Data records:
***

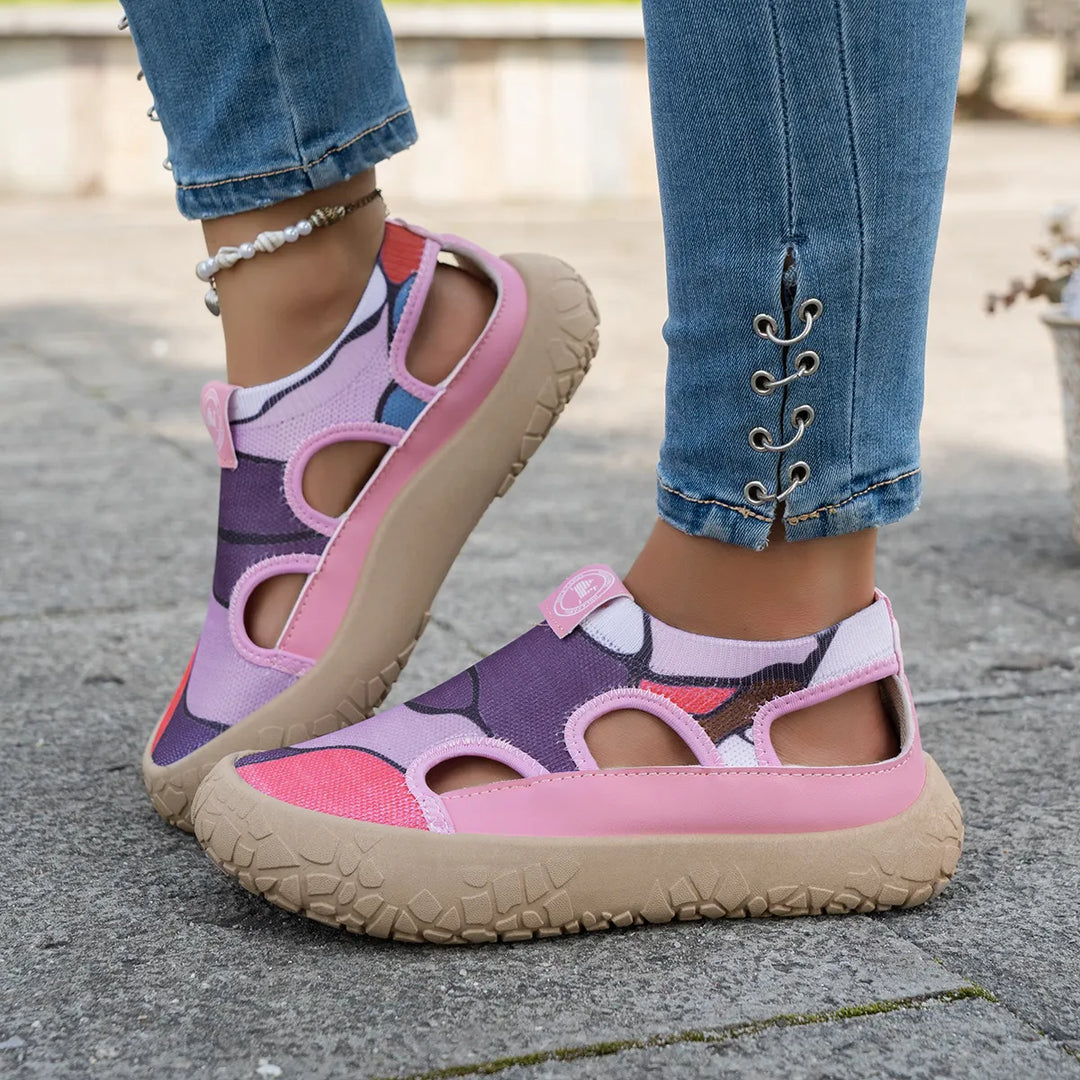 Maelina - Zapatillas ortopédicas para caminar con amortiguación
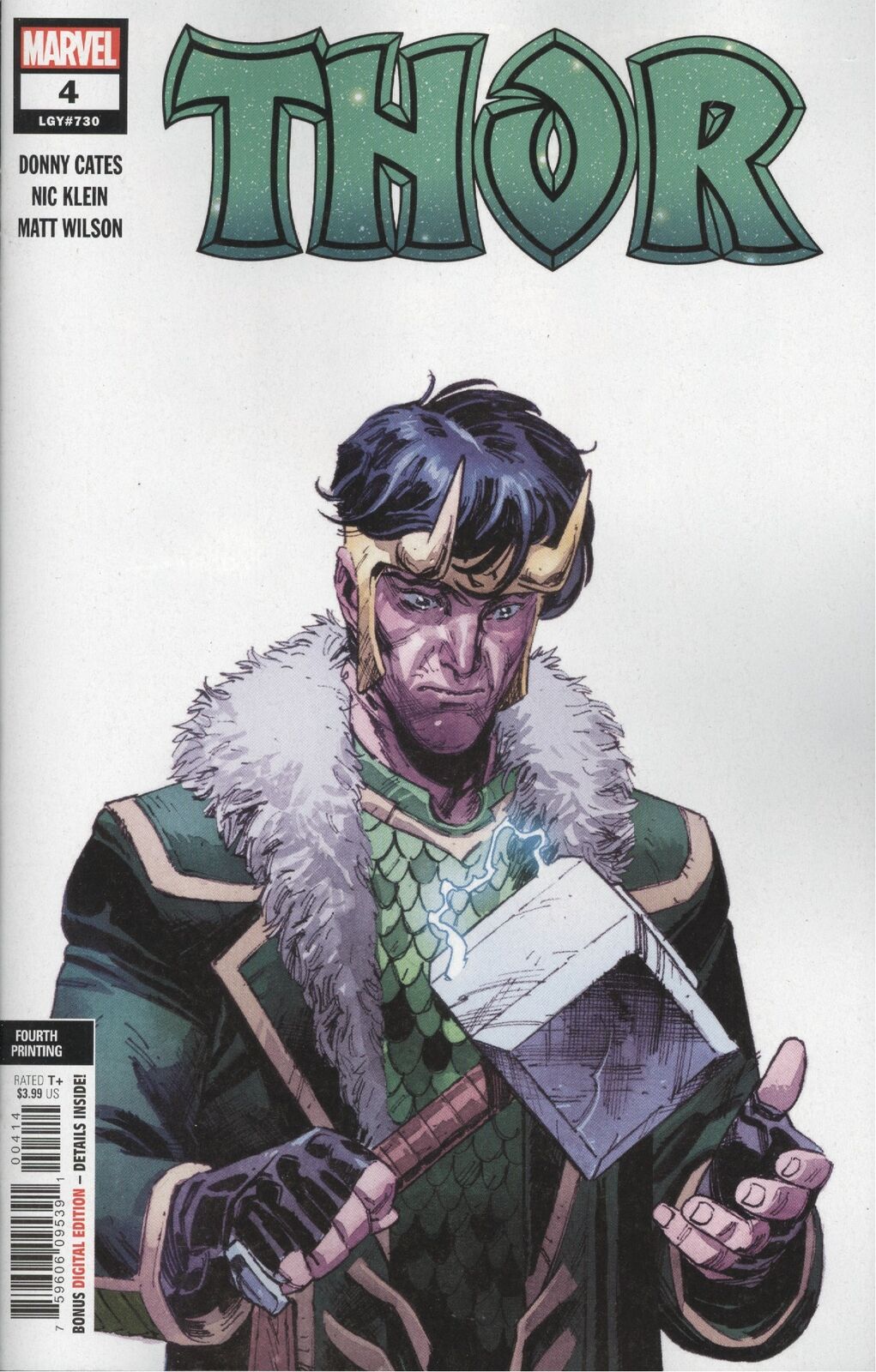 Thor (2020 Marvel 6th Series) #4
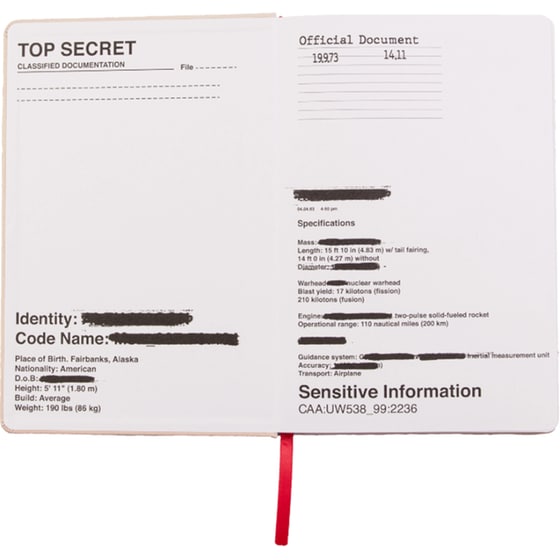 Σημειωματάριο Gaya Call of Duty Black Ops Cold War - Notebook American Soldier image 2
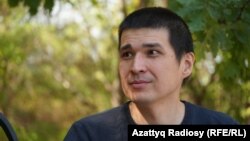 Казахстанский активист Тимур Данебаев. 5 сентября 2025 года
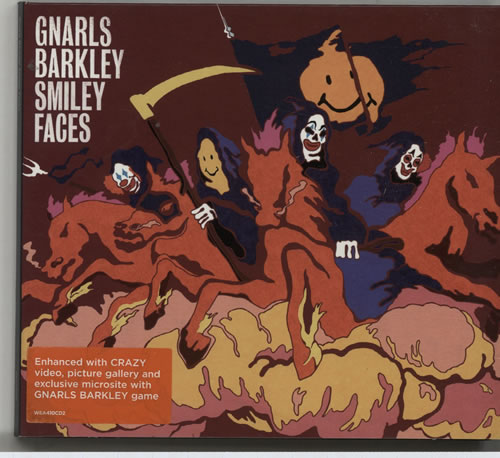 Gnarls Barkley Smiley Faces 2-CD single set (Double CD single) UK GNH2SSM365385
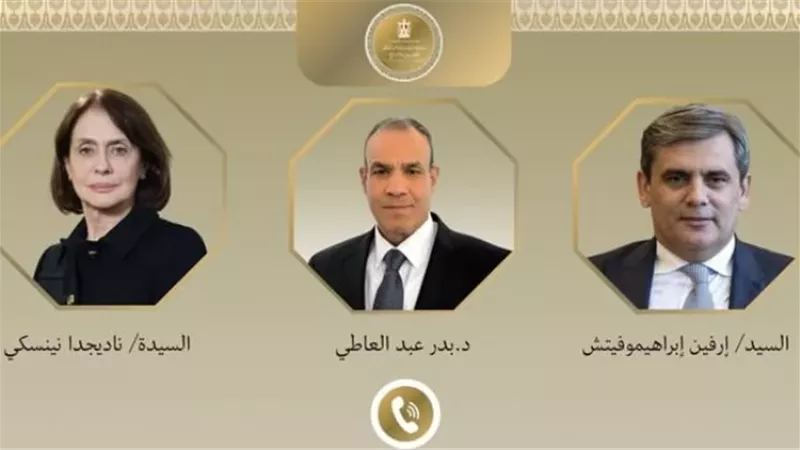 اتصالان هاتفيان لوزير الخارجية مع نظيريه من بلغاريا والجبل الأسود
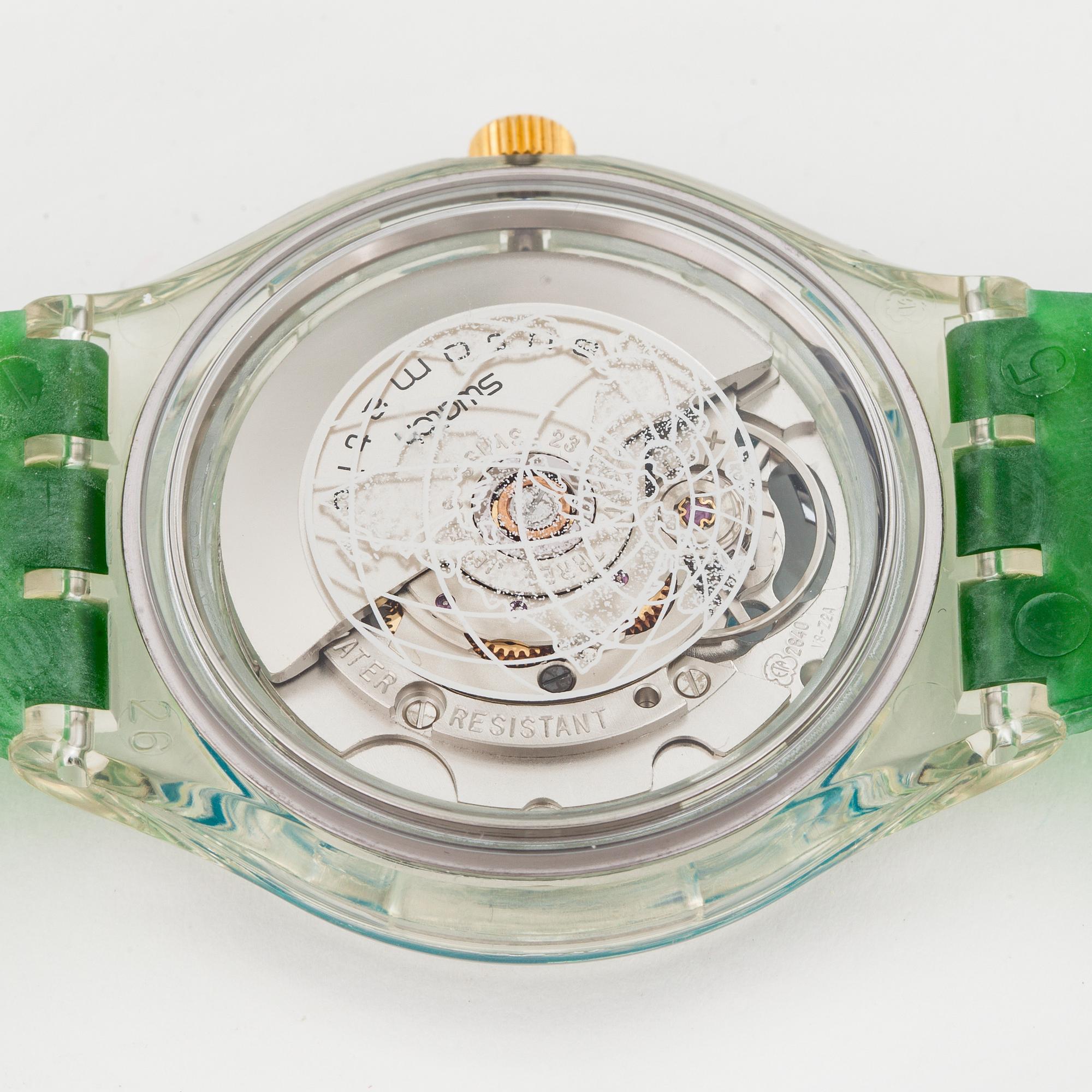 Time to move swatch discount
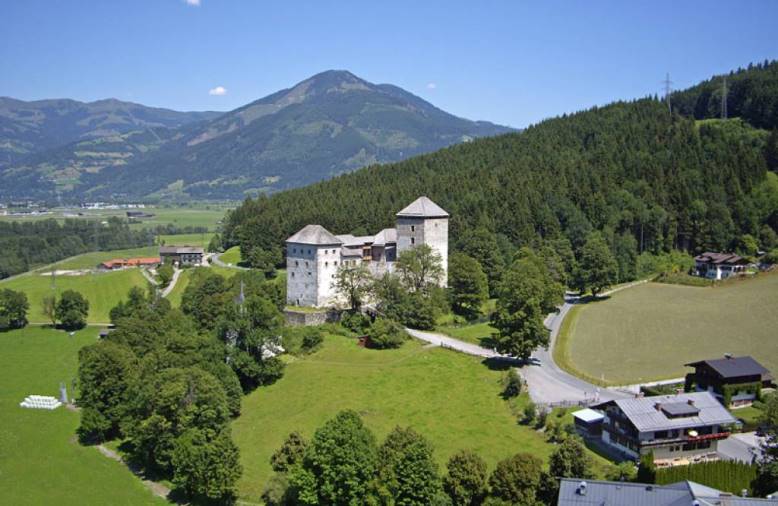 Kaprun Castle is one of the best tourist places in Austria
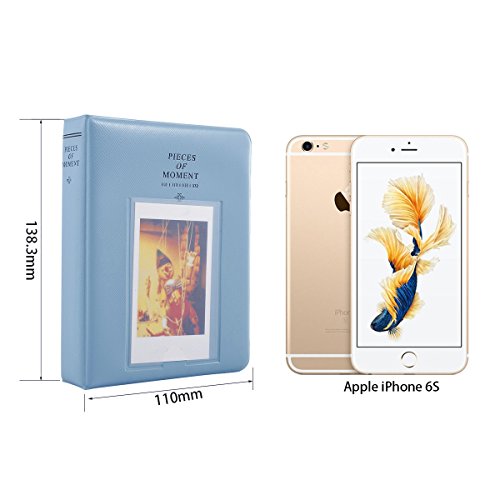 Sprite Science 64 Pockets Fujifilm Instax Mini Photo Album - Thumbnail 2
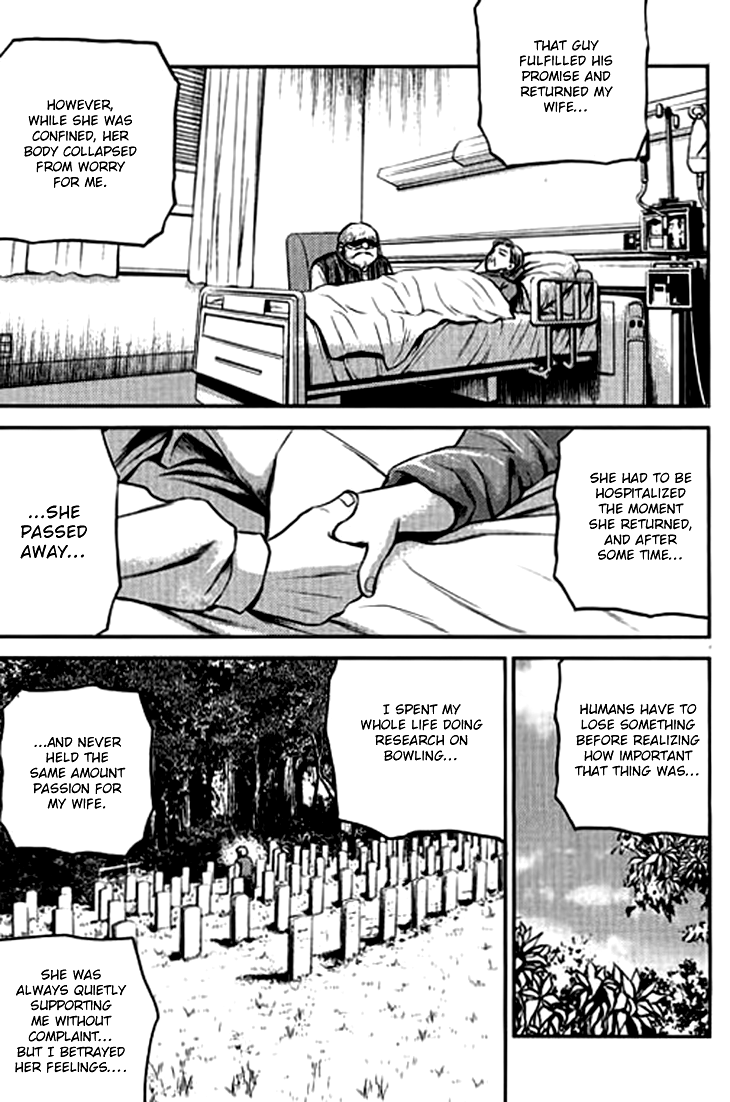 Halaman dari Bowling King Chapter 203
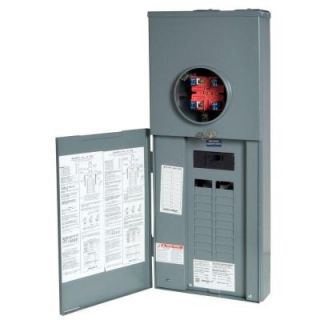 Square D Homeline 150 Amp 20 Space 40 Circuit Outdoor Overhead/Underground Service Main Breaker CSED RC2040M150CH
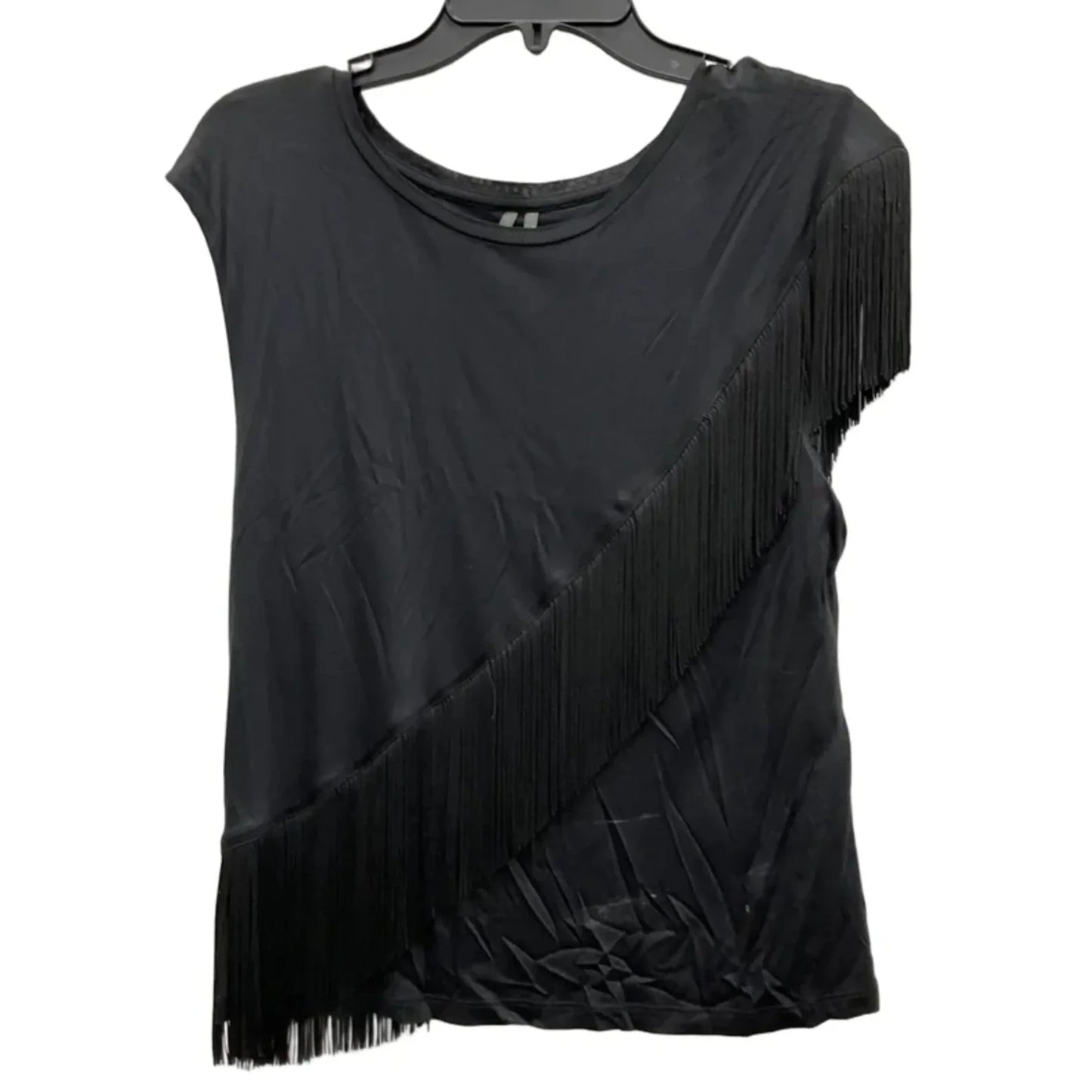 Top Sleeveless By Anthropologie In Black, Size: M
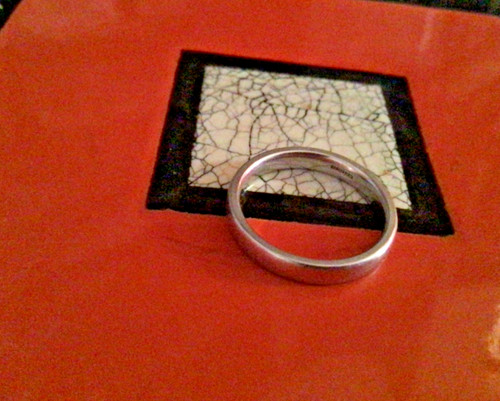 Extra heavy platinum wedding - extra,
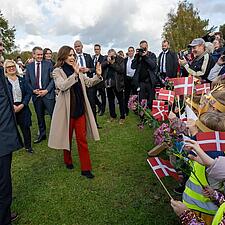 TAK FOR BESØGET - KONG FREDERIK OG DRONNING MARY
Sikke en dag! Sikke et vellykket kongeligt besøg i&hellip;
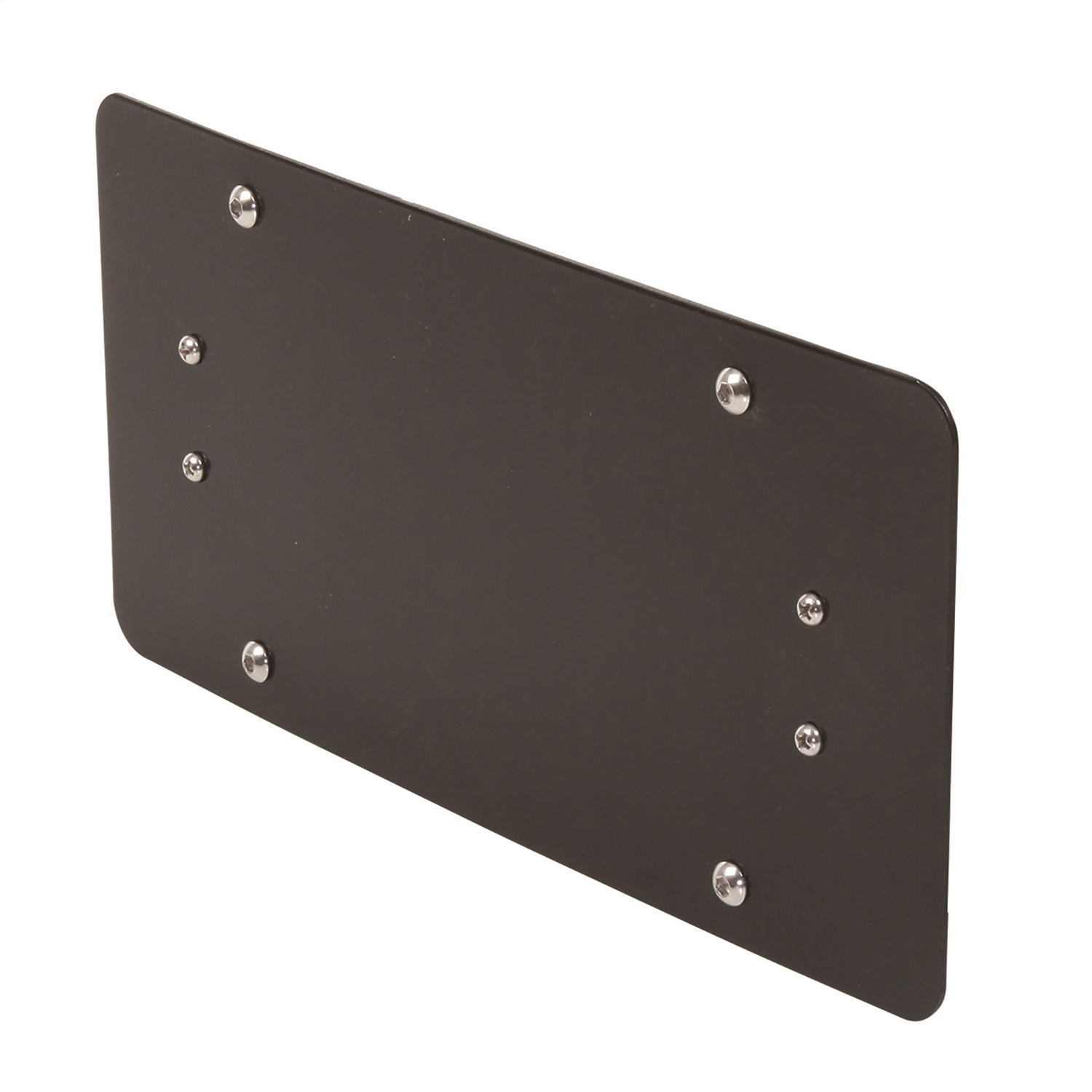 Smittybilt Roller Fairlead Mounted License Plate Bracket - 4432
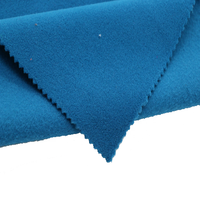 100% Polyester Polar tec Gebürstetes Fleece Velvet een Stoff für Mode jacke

***

WHAT NEEDS TO BE DONE:
The job is to copy all the records precisely while omitting any picture.

EXERCISE OUTPUT:
 Maelina - Zapatillas ortopédicas para caminar con amortiguación
 Thor (2020 Marvel 6th Series) #4
 Σημειωματάριο Gaya Call of Duty Black Ops Cold War - Notebook American Soldier image 2
 Казахстанский активист Тимур Данебаев. 5 сентября 2025 года
 Gnarls Barkley Smiley Faces 2-CD single set (Double CD single) UK GNH2SSM365385
 اتصالان هاتفيان لوزير الخارجية مع نظيريه من بلغاريا والجبل الأسود
 Time to move swatch discount
 Kaprun Castle is one of the best tourist places in Austria
 Sprite Science 64 Pockets Fujifilm Instax Mini Photo Album - Thumbnail 2
 Halaman dari Bowling King Chapter 203
 Square D Homeline 150 Amp 20 Space 40 Circuit Outdoor Overhead/Underground Service Main Breaker CSED RC2040M150CH
 Top Sleeveless By Anthropologie In Black, Size: M
 Extra heavy platinum wedding - extra,
 TAK FOR BESØGET - KONG FREDERIK OG DRONNING MARY
Sikke en dag! Sikke et vellykket kongeligt besøg i&hellip;
 Smittybilt Roller Fairlead Mounted License Plate Bracket - 4432
 100% Polyester Polar tec Gebürstetes Fleece Velvet een Stoff für Mode jacke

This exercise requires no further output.